A Most Violent Year finally arrived in wide release yesterday, following its initial Oscar-qualifying release in select cities on December 31st. So I caught the late show at AMC’s John R 15, in a screening room that had been surprisingly renovated into having recliner seats, rather than standard seating.
The film is the third feature written and directed by rising star JC Chandor, whose previous releases, All Is Lost (which I described here) and Margin Call (one of my favorite films of 2011), received wide acclaim. This time Chandor paired with actors Oscar Isaac, Jessica Chastain, David Oyelowo and Albert Brooks, along with a wide range of supporting characters, to deliver a complex period piece about a violent time in New York City’s history and one family empire’s role in a competitive business.
While all the performances were uniformly strong, I felt that Isaac didn’t offer particularly new shadings from previous roles. Interestingly, the film may or may not have deliberately made several winks to his role in Drive, where he played a character called Standard, involved with a shady organization led by Albert Brooks. And here he led the Standard Oil Company, which may or may not have come from questionable roots, and Albert Brooks appears as his principle advisor. Meanwhile, Chastain offered a slow burning performance that masterfully builds from demure to aggressive, with a key turning point happening when she and Isaac are out for an evening drive that suddenly turns a bit more violent. However, her character seemed to disappear from the last third of the narrative, perhaps as a reflection of Isaac’s independence from her interference.

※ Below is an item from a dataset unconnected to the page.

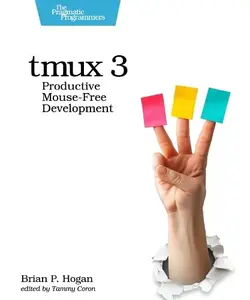 tmux 3: Productive Mouse-Free Development (Pragmatic Programmers)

The film delights in its ambiguity, although that made for a problematic viewing experience at times, as in trying to figure what was exactly driving the character motivations. The production worked hard to recreate NYC’s look of over 30 years ago, and a recurring theme of snow on the ground is an apt metaphor for the light and darkness of the story.
My Rating: ***1/2
Foxcatcher finally reached the Detroit area sometime just after the new year. I’d had a chance to see this film at Thanksgiving and again at Christmas in the Delaware area, not far from where the real life events took place, but held off until last week back at the Main Art Theatre.
Steve Carrell and Mark Ruffalo have received acclaim and Academy Award nominations for their work in this film, but Channing Tatum has been curiously overlooked and offers an arguably more impressive performance as he turns his easygoing screen persona inside out and works hard to portray a conflicted series of life events for real-life former wrestler Mark Schultz.
It was hard to shake the cold, alienating feel of this film, although it was also certainly well-made and very carefully put together by filmmaker Bennett Miller and his team. It was not hard to understand why the actors have been quoted as saying it was a difficult set to work on and they didn’t want to do much of anything after the day’s shooting.
I’ll close by saying that Miller’s nomination for Best Director seems particularly well-deserved here, and it would be a very different film if he hadn’t guided the story into a unique dark and thoughtful place.